How to Avoid Lifestyle Creep

Palm tree from a trip to New Orleans

New Orleans, US

Lifestyle creep is a more palatable way of saying as your income increases, so do your expenses. To build long-term wealth and save for shorter term, but just as important, goals you want to do the opposite: Increase your income regularly, and keep your expenses as low as possible. How I do this is by keeping my spending the same as before the raise or picking up a side hustle(with some exceptions*).

Here’s how I avoid lifestyle creep

  1. Putting the extra money out of sight: a separate, an online only bank account is my personal favorite. Since it takes a few days to transfer funds from my Varo account to my main account, I just leave my card at home and don’t have the details saved anywhere, so if I want to spend the “extra” money, it’s a hassle, which works as a pretty good deterrent.
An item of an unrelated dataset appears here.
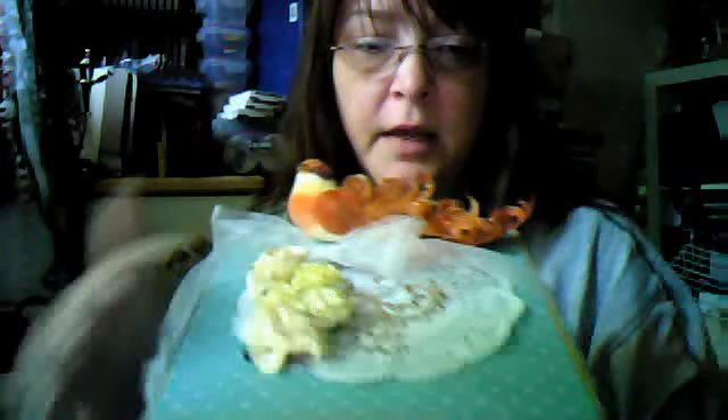You'll need some coordinating patterns of scrapbook paper. I usually use three different patterns — this is all coordinated paper. You can see the flowers, the small dots, and the large dots. You'll need some embellishments that you want to decorate the top with. I really like doilies and flowers. This bird I had leftover from last Christmas — you might have something like that — and some ribbon. And then, of course, the bling.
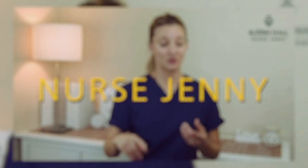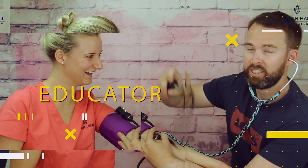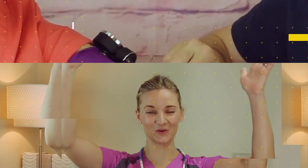The Björn Hall matte black stethoscope. Let me introduce you to the latest member of my Björn Hall family, the matte black stethoscope.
  2. Having a specific dollar goal for the income increase: Are you saving for a house(I am… slowly)? An international trip? Do your want to pay down a big chunk of some debt? Earmark the money so it’s not rolled into your day to day budget.

  3. Reviewing my budget: The beginning of a new quarter is the perfect time to analyze spending habits for the last 60-90 using your bank and credit card’s spending reports. Seeing if and where expenses can be reduced and/or money can be shifted to new priorities helps so much in ensuring that my income increase remains earmarked for the goals I set for it.

As I get further into my late twenties, and get closer to moving into my dream career field, I know that a large income increase is forthcoming. I want to make sure when that happens my money habits are so ingrained that if I'm making $75,000 or $225,000, my expenses remain more or less the same, so I can focus on building lasting wealth for myself and my family. Avoiding lifestyle creep is one of the most effective ways to do that, in my opinion.

*Why with exceptions: I don’t think life is very fun if you’re only earning and saving. In line with my personal money philosophy, I think it's important to spend on planned experiences that make bring joy and fulfillment… as long a you budget for it. So take that international trip, skydive, ride the hot air balloon, get the new tattoo… maybe just don’t do all these things in a six month span.

Budgets are Meant to be Adjusted

It happens to all of us, you sit down with your budget and plan for the quarter, month or week… and you get an email from your favorite brand that there’s a 35% off sale, so your $150 shopping budget ballooned to $300 because, you can definitely afford it, so why not? Then the end of your budget period comes you’re over budget every where except savings. I get it, it happens to me(more than it should considering a run a personal finance blog, but that’s life.) The important thing to do is to have that financial check in, hopefully sooner rather than later, but at some point before you sit to edit the next iteration of your budget is fine.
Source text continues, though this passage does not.